Exercise aim: Of all the lines in the entries below, give again exactly those starting at the line containing "UTAG Simple 12MM" and ending at the line containing "Full-length Flame Hashira", both ends included, and no others.

[Items from a dataset]
■ ■ ■ ■ ■ ■ ■

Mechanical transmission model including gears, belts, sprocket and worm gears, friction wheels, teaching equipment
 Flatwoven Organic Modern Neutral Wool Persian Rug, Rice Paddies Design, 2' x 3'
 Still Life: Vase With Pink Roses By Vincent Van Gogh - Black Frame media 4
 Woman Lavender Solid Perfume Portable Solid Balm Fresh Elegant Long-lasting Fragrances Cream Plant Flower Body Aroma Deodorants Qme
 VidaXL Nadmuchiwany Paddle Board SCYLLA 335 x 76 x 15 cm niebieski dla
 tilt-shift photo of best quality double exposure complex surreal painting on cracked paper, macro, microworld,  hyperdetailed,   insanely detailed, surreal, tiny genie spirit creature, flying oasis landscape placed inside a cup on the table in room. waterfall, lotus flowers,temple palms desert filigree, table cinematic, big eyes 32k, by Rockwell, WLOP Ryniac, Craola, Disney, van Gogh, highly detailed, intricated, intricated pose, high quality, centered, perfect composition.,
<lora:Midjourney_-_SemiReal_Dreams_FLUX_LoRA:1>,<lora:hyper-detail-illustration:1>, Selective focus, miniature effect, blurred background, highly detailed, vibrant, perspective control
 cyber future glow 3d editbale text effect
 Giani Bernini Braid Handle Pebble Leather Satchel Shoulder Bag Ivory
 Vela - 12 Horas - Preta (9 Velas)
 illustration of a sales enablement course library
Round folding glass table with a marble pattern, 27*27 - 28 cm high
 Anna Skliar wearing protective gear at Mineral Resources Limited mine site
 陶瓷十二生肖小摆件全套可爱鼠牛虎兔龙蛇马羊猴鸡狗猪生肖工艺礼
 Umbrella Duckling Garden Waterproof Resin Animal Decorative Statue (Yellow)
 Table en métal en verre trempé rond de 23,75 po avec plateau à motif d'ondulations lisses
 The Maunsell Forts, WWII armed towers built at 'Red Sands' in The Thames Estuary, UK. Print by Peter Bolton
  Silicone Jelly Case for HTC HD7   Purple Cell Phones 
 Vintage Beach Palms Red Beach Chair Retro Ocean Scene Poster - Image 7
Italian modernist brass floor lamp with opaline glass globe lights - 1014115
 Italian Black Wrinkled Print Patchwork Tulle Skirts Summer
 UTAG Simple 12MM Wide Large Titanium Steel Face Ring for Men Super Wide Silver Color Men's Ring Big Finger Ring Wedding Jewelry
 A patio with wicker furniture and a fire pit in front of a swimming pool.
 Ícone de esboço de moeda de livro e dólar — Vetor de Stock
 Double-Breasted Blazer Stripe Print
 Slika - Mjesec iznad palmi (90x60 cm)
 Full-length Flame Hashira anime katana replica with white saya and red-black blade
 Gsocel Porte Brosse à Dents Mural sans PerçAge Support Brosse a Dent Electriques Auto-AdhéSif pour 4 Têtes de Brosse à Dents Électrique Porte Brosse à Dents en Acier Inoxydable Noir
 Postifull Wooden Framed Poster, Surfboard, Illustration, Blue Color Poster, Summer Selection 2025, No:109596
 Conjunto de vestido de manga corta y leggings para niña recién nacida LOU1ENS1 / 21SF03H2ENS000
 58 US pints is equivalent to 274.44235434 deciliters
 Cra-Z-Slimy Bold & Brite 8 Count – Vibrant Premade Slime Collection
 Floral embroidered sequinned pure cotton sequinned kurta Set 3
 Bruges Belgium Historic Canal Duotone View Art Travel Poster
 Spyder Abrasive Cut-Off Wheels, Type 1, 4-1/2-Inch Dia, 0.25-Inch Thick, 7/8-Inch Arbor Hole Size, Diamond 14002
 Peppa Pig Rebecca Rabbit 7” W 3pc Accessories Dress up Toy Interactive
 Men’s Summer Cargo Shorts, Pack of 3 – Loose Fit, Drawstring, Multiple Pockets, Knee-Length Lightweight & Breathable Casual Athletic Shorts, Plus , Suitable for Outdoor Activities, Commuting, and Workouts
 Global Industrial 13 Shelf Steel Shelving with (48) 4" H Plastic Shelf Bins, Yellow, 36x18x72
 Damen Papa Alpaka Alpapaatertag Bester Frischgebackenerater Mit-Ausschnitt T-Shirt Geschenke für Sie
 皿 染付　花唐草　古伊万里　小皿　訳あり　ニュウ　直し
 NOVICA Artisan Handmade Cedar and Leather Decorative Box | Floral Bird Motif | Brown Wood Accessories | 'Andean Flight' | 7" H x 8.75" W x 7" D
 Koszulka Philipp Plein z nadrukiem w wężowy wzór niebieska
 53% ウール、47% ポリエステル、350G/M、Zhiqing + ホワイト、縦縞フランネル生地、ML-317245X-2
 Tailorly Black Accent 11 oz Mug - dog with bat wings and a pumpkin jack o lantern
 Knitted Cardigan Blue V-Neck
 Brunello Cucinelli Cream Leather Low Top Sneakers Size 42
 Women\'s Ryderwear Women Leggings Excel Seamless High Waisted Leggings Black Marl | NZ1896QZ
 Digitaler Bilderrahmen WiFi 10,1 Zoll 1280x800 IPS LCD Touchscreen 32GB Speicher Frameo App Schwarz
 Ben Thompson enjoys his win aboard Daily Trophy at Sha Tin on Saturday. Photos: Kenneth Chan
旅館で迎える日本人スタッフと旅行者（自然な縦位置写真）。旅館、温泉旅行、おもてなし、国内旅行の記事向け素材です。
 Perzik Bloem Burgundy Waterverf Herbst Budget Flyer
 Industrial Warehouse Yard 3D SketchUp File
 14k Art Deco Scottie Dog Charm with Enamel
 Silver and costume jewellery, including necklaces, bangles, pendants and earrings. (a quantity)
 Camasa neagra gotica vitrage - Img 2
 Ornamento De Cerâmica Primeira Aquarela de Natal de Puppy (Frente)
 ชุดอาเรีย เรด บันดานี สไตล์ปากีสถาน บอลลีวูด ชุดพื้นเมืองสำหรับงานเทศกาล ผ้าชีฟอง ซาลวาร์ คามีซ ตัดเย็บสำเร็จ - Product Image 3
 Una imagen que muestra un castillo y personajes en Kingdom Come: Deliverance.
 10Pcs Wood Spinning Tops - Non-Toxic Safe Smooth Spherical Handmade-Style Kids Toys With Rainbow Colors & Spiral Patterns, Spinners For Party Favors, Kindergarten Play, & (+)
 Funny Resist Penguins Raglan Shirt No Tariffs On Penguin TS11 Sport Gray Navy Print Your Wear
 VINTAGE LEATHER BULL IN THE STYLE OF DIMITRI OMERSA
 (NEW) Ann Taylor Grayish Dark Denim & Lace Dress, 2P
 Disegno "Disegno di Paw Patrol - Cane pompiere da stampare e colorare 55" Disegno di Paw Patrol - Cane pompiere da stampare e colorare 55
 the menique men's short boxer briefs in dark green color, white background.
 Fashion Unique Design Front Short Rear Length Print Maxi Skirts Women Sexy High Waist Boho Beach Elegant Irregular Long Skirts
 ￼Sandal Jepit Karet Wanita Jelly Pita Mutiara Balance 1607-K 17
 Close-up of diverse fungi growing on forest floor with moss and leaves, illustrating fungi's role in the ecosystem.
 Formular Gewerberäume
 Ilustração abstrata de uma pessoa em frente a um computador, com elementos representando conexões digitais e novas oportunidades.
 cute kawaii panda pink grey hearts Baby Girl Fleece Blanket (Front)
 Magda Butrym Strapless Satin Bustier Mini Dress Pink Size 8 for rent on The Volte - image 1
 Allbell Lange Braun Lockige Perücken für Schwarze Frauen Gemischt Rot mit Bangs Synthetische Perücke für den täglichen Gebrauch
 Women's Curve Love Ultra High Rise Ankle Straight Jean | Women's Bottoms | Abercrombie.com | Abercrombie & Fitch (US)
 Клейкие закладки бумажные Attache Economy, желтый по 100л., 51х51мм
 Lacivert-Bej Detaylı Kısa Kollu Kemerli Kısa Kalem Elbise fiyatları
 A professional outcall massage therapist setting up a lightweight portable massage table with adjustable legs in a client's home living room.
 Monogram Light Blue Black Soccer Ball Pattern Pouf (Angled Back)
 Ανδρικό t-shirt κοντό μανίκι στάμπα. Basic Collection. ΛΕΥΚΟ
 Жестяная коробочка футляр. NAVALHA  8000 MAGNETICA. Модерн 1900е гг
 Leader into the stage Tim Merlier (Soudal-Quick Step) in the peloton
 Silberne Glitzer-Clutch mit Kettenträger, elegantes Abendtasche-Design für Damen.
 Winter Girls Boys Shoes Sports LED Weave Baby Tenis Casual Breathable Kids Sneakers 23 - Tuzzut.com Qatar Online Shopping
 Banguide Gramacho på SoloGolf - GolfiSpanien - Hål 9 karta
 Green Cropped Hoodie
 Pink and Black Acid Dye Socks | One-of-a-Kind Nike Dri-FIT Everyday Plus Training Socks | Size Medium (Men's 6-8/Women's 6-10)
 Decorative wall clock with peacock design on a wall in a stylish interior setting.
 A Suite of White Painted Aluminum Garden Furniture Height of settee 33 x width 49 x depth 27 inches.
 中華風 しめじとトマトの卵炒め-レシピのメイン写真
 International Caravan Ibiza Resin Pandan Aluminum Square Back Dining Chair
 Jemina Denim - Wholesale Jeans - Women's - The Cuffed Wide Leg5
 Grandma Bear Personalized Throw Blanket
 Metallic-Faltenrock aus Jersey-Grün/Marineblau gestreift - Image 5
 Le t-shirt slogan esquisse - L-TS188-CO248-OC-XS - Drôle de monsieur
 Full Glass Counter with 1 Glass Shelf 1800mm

■ ■ ■ ■ ■ ■ ■

Solution for this problem:
 UTAG Simple 12MM Wide Large Titanium Steel Face Ring for Men Super Wide Silver Color Men's Ring Big Finger Ring Wedding Jewelry
 A patio with wicker furniture and a fire pit in front of a swimming pool.
 Ícone de esboço de moeda de livro e dólar — Vetor de Stock
 Double-Breasted Blazer Stripe Print
 Slika - Mjesec iznad palmi (90x60 cm)
 Full-length Flame Hashira anime katana replica with white saya and red-black blade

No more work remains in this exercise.